**Information shown:**
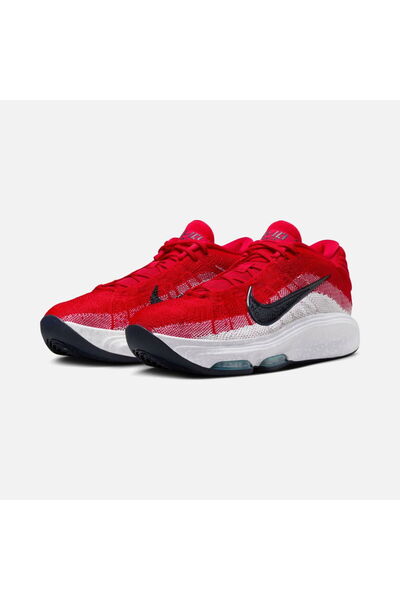 Nike G.T. Hustle 3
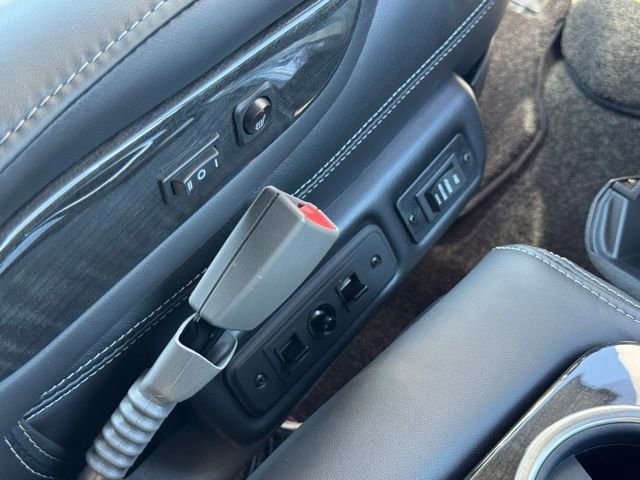 New 2025 Chevrolet Express 2500 Extended w/ Driver Convenience Package image 32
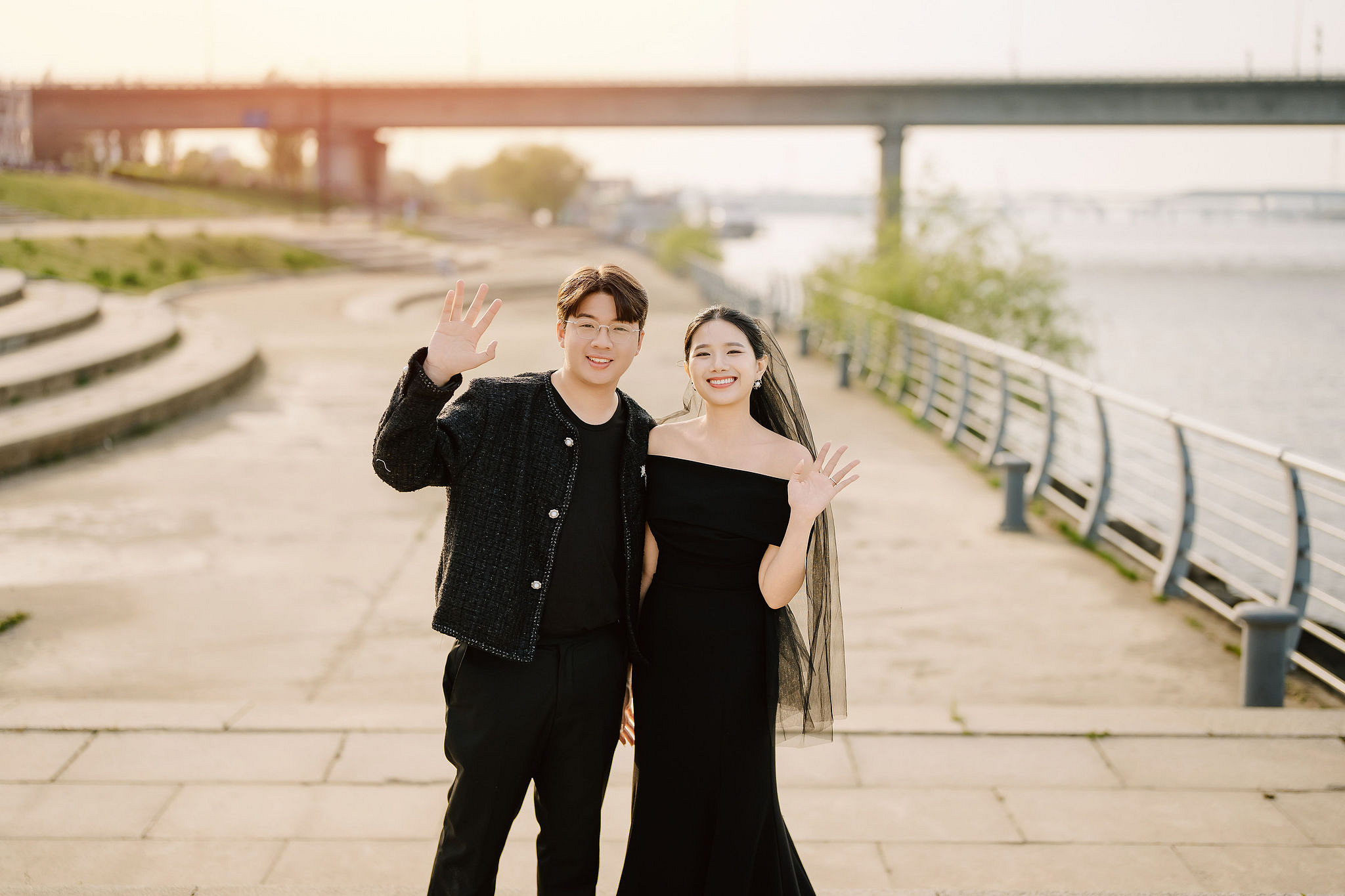 Seoul Pre-Wedding Photoshoot | Namsan, City Streets & Hangang Park at Hangang Park pre-wedding photo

**Problem details:** From the line that contains "New 2025 Chevrolet" through the last line of the listing, copy each line exactly; both end lines stay in, and pictures stay out.

**Answer box:**
 New 2025 Chevrolet Express 2500 Extended w/ Driver Convenience Package image 32
 Seoul Pre-Wedding Photoshoot | Namsan, City Streets & Hangang Park at Hangang Park pre-wedding photo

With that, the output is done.